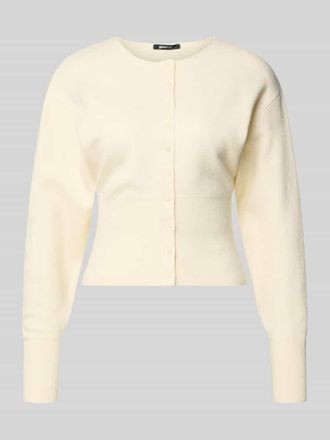Gina Tricot Slim Fit Cardigan aus Viskose-Mix in Offwhite, Gr&ouml;&szlig;e XL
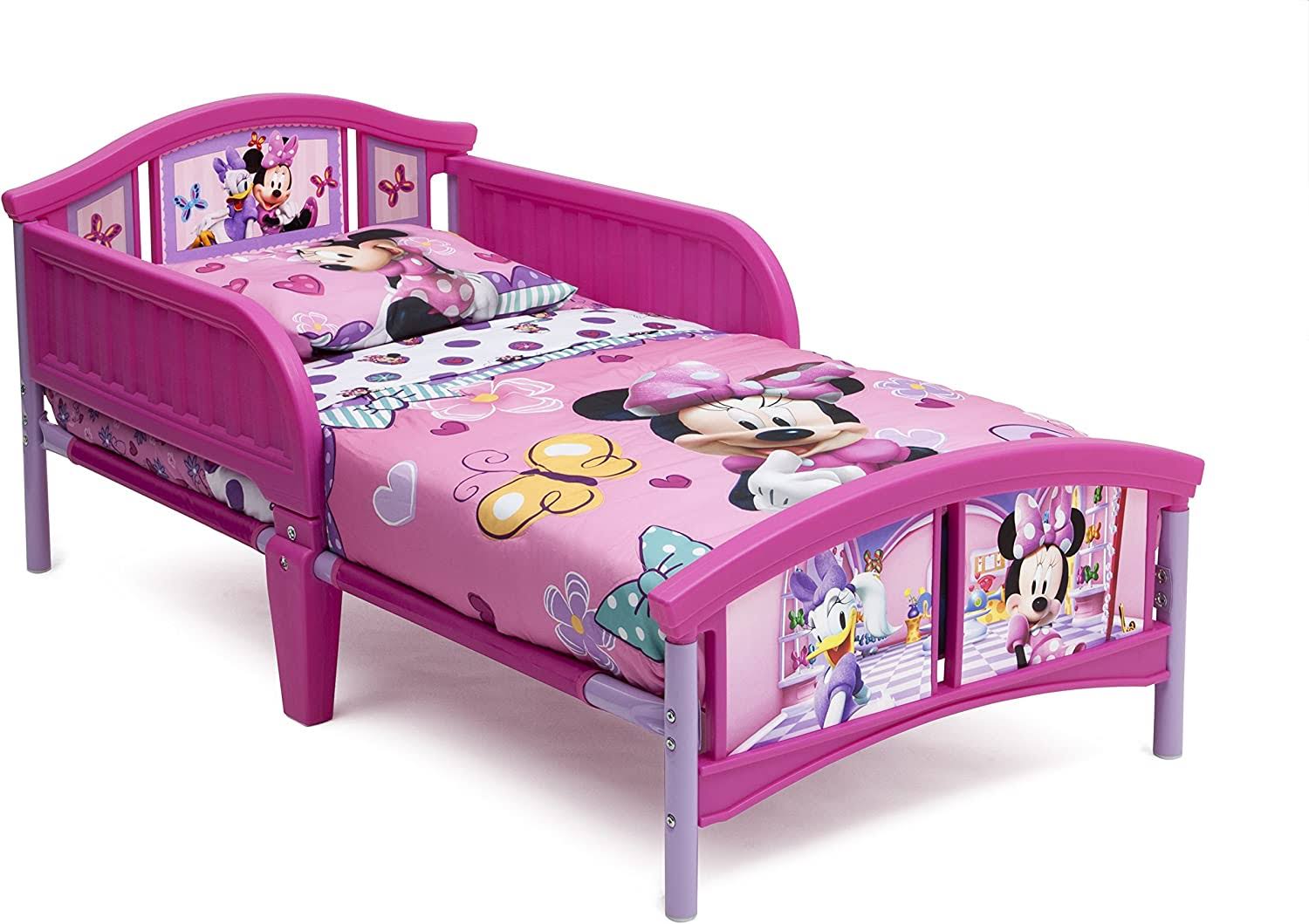 Plastic Toddler Bed,  Minnie Mouse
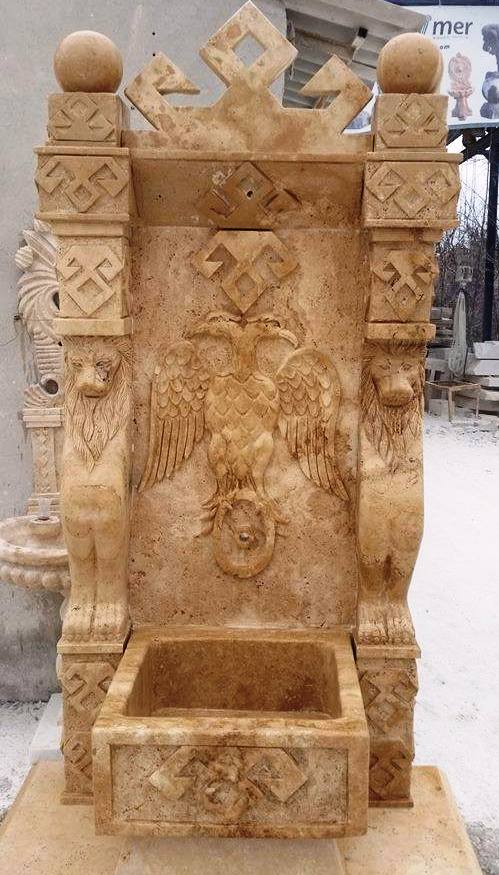 Selçuklu kartak motifli çeşme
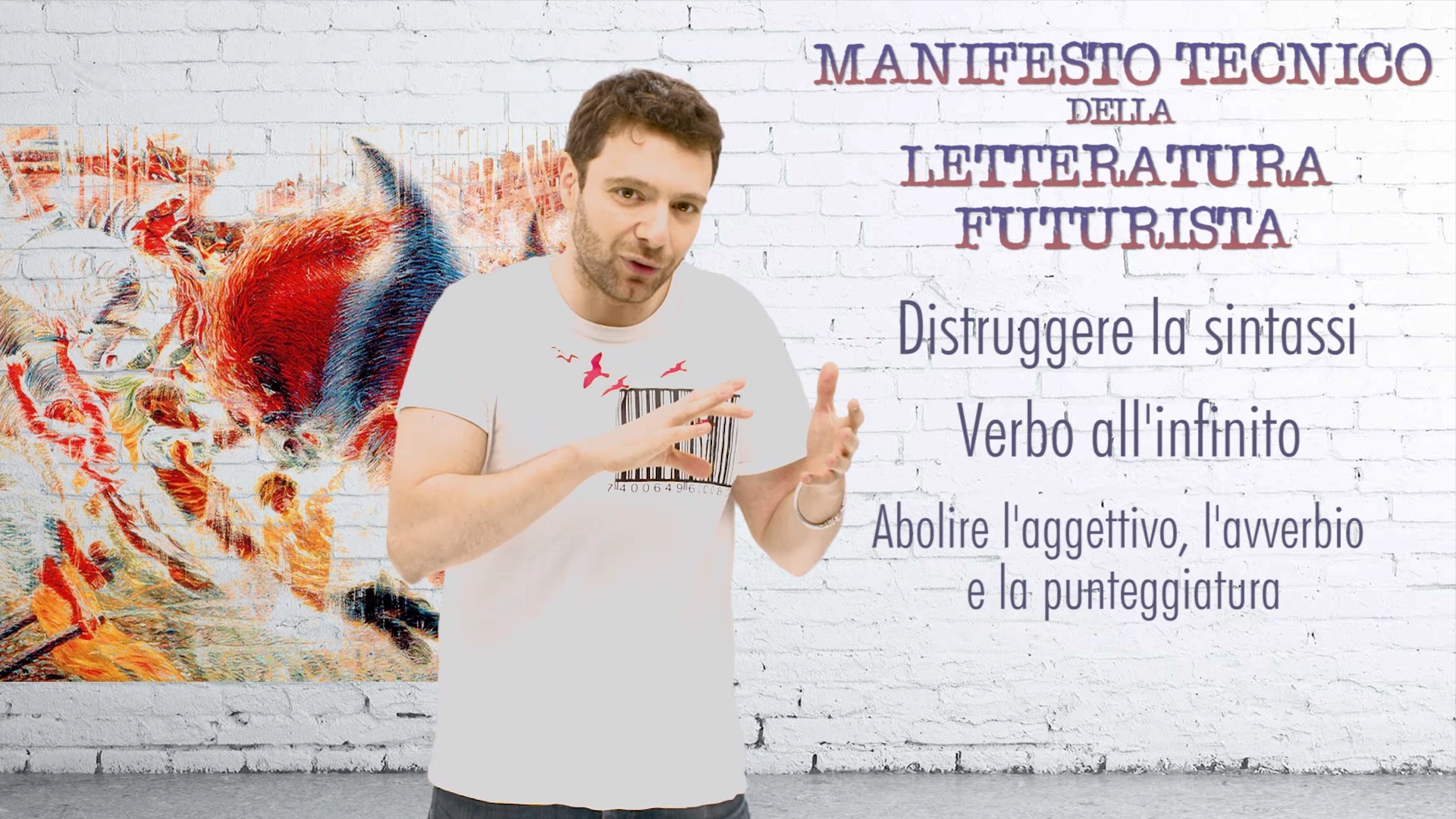 Il manifesto Tecnico della letteratura Futurista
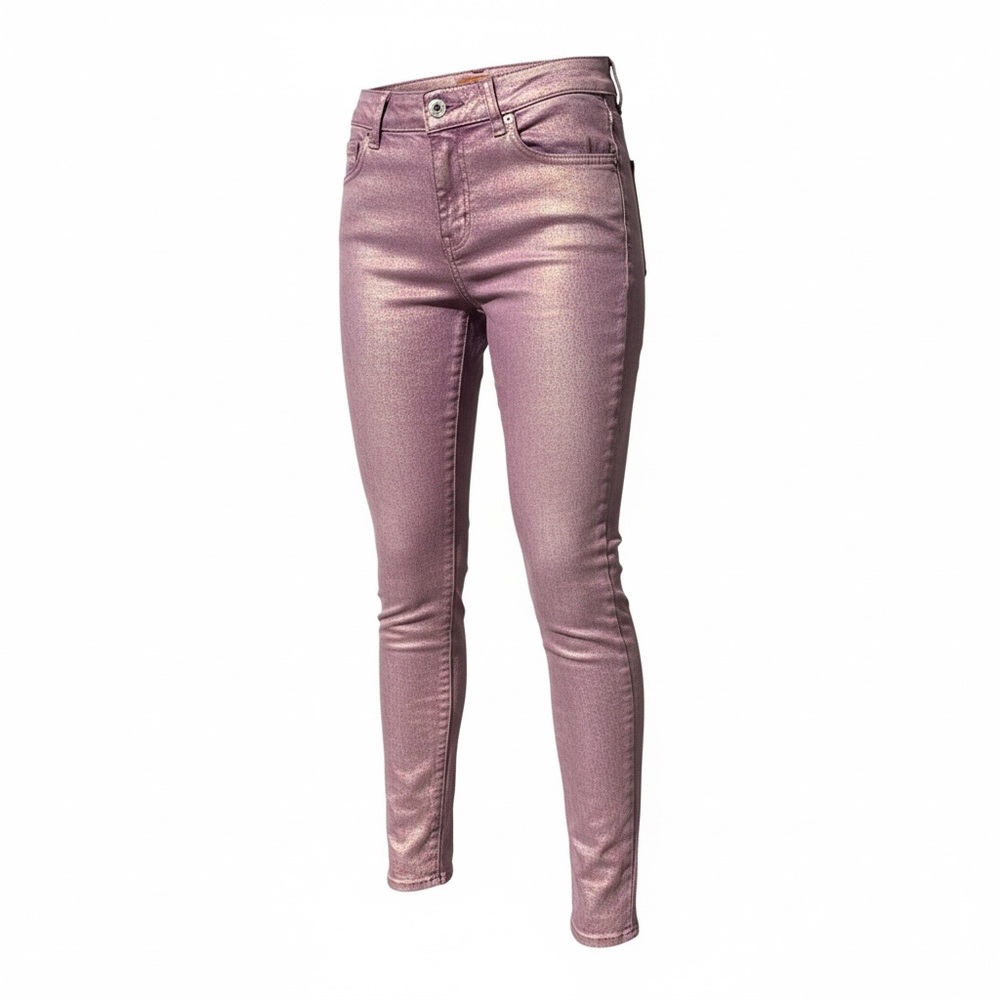 7 For All Mankind Y2K Iridescent Skinny‎ Jeans Approx. Size 26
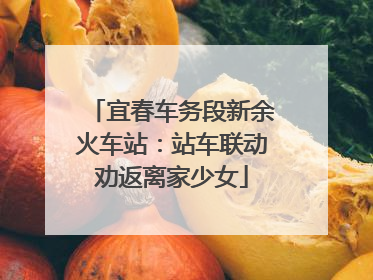宜春车务段新余火车站：站车联动劝返离家少女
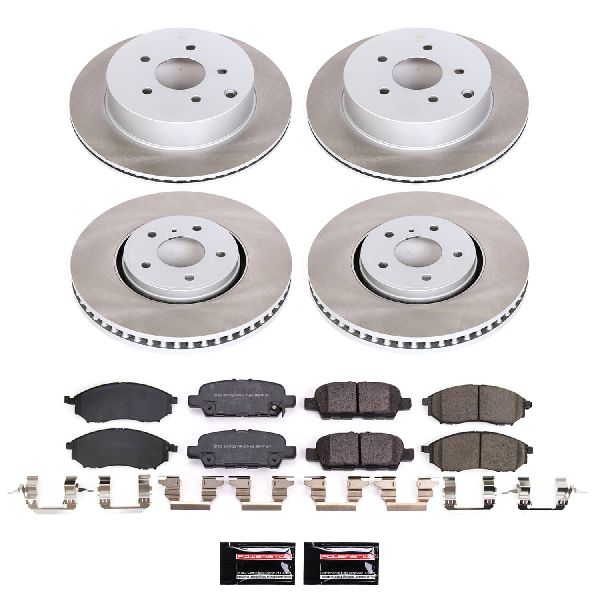 2010-2012 INFINITI FX35 Disc Brake Kit - Front and Rear (Powerstop)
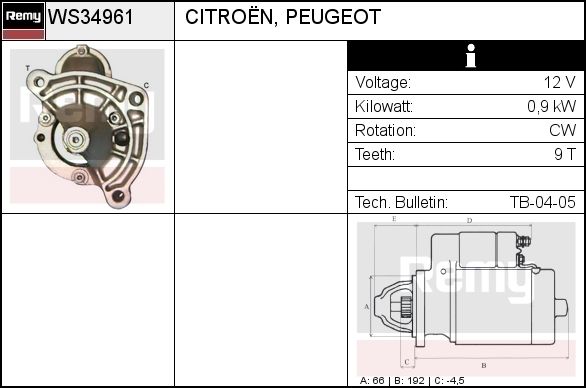 EDR Starter WS39021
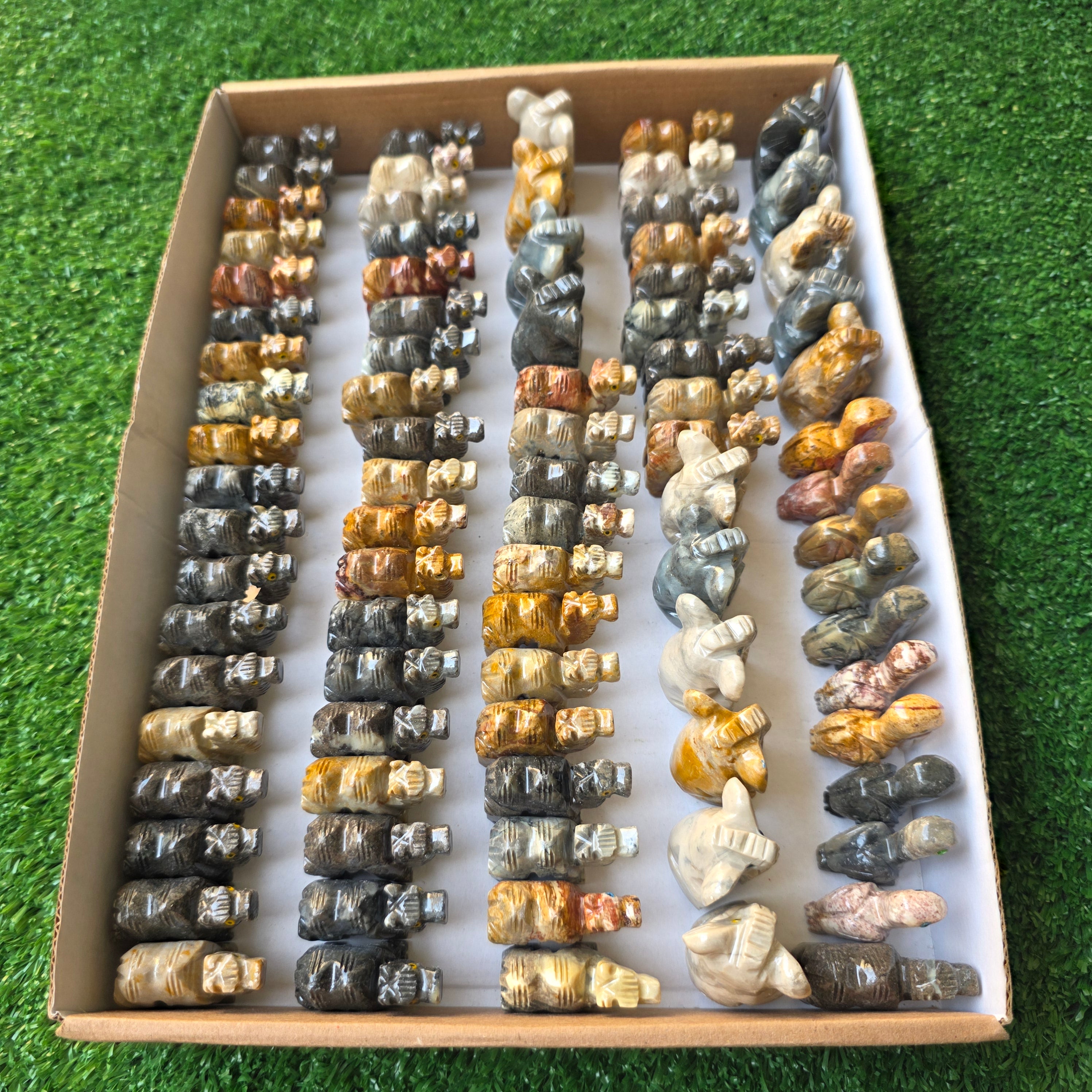 Lot 84 pcs Soapstone Animals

----

(Work to complete) Nothing but the lines from the one that contains "7 For All Mankind" through the last line of the material should be written out, exactly. Omit pictures.

(Solution to this task)
 7 For All Mankind Y2K Iridescent Skinny‎ Jeans Approx. Size 26
宜春车务段新余火车站：站车联动劝返离家少女
 2010-2012 INFINITI FX35 Disc Brake Kit - Front and Rear (Powerstop)
 EDR Starter WS39021
 Lot 84 pcs Soapstone Animals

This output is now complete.